Therefore \det (\lambda - A) = 0 \Leftrightarrow \lambda = (1 \pm \sqrt{5})/2, and we obtain

(3)   \begin{align*} \lambda_\pm = \frac{1 \pm \sqrt{5}}{2}.  \end{align*}

(3) Since it holds that

(4)   \begin{align*} (\lambda_\pm - A) = \left( \begin{matrix} \lambda_\pm & -1 \\ -1 & - \lambda_\mp \\ \end{matrix} \right),  \end{align*}

an eigenvector u_\pm for the eigenvalue \lambda_\pm is

(5)   \begin{align*} u_\pm = \left( \begin{matrix} 1 \\ \lambda_\pm \\ \end{matrix} \right). \end{align*}

Hence we obtain

(6)   \begin{align*} P^{-1}AP = \left( \begin{matrix} \lambda_+ & 0 \\ 0 & \lambda_- \\ \end{matrix} \right), \end{align*}

where P = (u_+ ,u_-).

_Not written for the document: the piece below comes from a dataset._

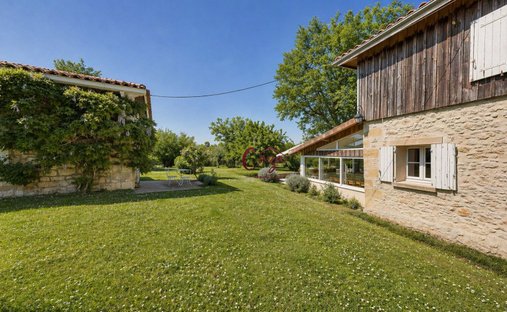House in Sallebœuf, Nouvelle-Aquitaine, France 1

Then it follows that

(7)   \begin{align*} P^{-1}A^nP = \left( \begin{matrix} \lambda_+^n & 0 \\ 0 & \lambda_-^n \\ \end{matrix} \right), \end{align*}

and we obtain the desired result. (4) Since we have

(8)   \begin{align*} \left( \begin{matrix} x_n \\ x_{n+1} \\ \end{matrix} \right) = A^{n-1} \left( \begin{matrix} x_1 \\ x_2 \\ \end{matrix} \right), \end{align*}

we can easily check that

(9)   \begin{align*} x_n = \frac{1}{\sqrt{5}}\left( \frac{1}{\lambda_+^2} + \frac{1}{\lambda_+} \right)\lambda_+^n + \frac{1}{\sqrt{5}}\left( \frac{1}{\lambda_-^2} + \frac{1}{\lambda_-} \right)\lambda_-^n = \frac{1}{\sqrt{5}}(\lambda_+^n - \lambda_-^n).  \end{align*}

Here we used the fact \lambda_\pm^2 - \lambda_\pm -1 = 0. (5) From the problem (3) and (4), we have

(10)   \begin{align*} A^n     = \left( \begin{matrix} x_{n-1} & x_n \\ x_n & x_{n+1} \\ \end{matrix} \right). \end{align*}

Hence we obtain

(11)   \begin{align*} y_n = a x_{n-2} + b x_{n-1}. \end{align*}

(6) It is obvious that D_2 = 2. By considering the cofactor expansion of D_n with respect to the first column, we have

(12)   \begin{align*} D_n &= D_{n-1} + \det \left( \begin{matrix} 1 & 0 & \ldots & 0 \\ -1 &&& \\ 0 &&& \\ \vdots &&\text{\Huge $D_{n-2}$}& \\ 0 &&&  \end{matrix} \right) \\ &= D_{n-1} + D_{n-2}. \end{align*}

Hence from the problem (5), we obtain

(13)   \begin{align*} D_n = x_{n-2} + 2x_{n-1}. \end{align*}

3

フーリエ変換の問題です. (4)以外は単純な計算問題です. (4)はs(\omega/2)^3の逆フーリエ変換を直接計算できるかと思いましたが, 計算がうまくいかなかったため, L^2におけるフーリエ変換のユニタリ性(特に単射性)を用いました. 少し大げさな解き方かもしれません.

(1)
We denote the Fourier transform of g as G.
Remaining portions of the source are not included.